* THE PROBLEM: The line containing "LaCie发布1TB USB-C Chromé SSD与Porsche硬盘盒新品" marks where to begin; quote it and every line after it through the end of the data, exactly as written.

(Source records)
[Start of section]
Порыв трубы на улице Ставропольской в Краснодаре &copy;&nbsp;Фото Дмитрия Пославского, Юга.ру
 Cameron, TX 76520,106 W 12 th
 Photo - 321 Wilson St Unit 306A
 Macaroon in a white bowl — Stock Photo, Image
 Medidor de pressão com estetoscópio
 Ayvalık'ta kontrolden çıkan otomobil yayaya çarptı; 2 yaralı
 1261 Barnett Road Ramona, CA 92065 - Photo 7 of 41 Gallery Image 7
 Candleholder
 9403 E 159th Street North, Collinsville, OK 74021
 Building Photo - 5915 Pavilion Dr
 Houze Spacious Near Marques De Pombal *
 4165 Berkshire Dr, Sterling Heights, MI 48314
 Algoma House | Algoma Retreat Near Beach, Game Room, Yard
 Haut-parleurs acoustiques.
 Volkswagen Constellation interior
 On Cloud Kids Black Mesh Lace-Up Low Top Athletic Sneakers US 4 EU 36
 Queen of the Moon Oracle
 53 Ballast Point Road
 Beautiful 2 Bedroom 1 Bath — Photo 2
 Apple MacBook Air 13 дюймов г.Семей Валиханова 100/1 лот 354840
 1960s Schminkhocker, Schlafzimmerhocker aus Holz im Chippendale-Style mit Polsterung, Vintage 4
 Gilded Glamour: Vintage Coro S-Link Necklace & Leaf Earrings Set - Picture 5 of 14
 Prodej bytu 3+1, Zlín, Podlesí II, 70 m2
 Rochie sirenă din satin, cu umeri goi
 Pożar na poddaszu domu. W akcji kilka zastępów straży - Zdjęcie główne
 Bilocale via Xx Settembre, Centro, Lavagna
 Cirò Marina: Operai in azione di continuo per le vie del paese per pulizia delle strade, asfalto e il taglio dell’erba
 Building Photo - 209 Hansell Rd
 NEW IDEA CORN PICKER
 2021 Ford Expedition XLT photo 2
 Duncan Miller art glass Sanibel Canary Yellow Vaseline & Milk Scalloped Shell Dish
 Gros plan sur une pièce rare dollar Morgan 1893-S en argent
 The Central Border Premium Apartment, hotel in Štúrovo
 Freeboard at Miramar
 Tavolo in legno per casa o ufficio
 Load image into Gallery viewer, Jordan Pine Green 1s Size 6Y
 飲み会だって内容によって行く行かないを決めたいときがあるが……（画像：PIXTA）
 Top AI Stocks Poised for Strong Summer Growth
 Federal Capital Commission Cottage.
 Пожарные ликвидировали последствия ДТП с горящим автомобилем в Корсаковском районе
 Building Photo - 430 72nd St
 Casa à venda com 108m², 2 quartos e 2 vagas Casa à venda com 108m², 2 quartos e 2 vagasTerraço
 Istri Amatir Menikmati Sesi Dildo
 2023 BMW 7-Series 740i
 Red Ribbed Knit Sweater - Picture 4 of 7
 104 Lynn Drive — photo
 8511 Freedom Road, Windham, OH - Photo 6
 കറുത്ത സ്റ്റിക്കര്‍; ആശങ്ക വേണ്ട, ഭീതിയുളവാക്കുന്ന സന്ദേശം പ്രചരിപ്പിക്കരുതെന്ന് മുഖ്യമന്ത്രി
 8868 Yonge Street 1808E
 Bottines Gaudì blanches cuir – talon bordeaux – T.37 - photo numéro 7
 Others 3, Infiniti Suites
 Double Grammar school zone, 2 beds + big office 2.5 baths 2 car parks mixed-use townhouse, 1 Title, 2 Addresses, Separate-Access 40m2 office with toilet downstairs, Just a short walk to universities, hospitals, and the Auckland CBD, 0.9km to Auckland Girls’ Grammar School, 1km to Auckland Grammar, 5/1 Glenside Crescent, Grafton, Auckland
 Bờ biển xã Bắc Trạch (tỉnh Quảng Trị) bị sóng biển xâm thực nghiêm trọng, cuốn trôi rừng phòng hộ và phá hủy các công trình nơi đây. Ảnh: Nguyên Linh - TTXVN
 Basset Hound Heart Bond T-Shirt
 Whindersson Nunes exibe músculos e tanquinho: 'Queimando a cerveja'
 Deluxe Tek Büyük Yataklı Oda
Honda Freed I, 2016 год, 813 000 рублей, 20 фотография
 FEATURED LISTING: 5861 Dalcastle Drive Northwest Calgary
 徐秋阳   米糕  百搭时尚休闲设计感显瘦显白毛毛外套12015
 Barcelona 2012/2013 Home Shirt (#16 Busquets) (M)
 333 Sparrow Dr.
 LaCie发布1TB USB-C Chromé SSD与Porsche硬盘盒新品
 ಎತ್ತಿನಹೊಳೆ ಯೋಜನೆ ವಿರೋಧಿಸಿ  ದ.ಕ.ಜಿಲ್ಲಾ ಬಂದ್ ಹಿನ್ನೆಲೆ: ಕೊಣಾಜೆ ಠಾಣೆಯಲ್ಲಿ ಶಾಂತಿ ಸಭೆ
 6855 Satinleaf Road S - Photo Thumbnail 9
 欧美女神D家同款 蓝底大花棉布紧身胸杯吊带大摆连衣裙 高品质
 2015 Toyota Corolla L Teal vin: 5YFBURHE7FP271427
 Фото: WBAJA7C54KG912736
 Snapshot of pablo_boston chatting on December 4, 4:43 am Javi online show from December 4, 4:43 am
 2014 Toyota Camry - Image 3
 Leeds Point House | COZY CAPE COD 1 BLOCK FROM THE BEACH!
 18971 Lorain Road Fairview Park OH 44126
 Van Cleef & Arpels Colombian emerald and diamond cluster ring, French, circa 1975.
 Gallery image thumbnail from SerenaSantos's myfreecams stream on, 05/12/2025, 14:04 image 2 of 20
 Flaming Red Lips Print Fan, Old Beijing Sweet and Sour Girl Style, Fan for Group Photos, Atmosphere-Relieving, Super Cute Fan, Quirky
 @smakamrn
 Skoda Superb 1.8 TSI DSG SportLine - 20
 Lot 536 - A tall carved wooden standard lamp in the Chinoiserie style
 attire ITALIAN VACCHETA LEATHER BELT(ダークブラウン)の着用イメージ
[End of section]
* SOLUTION FOR THIS EXERCISE:
 LaCie发布1TB USB-C Chromé SSD与Porsche硬盘盒新品
 ಎತ್ತಿನಹೊಳೆ ಯೋಜನೆ ವಿರೋಧಿಸಿ  ದ.ಕ.ಜಿಲ್ಲಾ ಬಂದ್ ಹಿನ್ನೆಲೆ: ಕೊಣಾಜೆ ಠಾಣೆಯಲ್ಲಿ ಶಾಂತಿ ಸಭೆ
 6855 Satinleaf Road S - Photo Thumbnail 9
 欧美女神D家同款 蓝底大花棉布紧身胸杯吊带大摆连衣裙 高品质
 2015 Toyota Corolla L Teal vin: 5YFBURHE7FP271427
 Фото: WBAJA7C54KG912736
 Snapshot of pablo_boston chatting on December 4, 4:43 am Javi online show from December 4, 4:43 am
 2014 Toyota Camry - Image 3
 Leeds Point House | COZY CAPE COD 1 BLOCK FROM THE BEACH!
 18971 Lorain Road Fairview Park OH 44126
 Van Cleef & Arpels Colombian emerald and diamond cluster ring, French, circa 1975.
 Gallery image thumbnail from SerenaSantos's myfreecams stream on, 05/12/2025, 14:04 image 2 of 20
 Flaming Red Lips Print Fan, Old Beijing Sweet and Sour Girl Style, Fan for Group Photos, Atmosphere-Relieving, Super Cute Fan, Quirky
 @smakamrn
 Skoda Superb 1.8 TSI DSG SportLine - 20
 Lot 536 - A tall carved wooden standard lamp in the Chinoiserie style
 attire ITALIAN VACCHETA LEATHER BELT(ダークブラウン)の着用イメージ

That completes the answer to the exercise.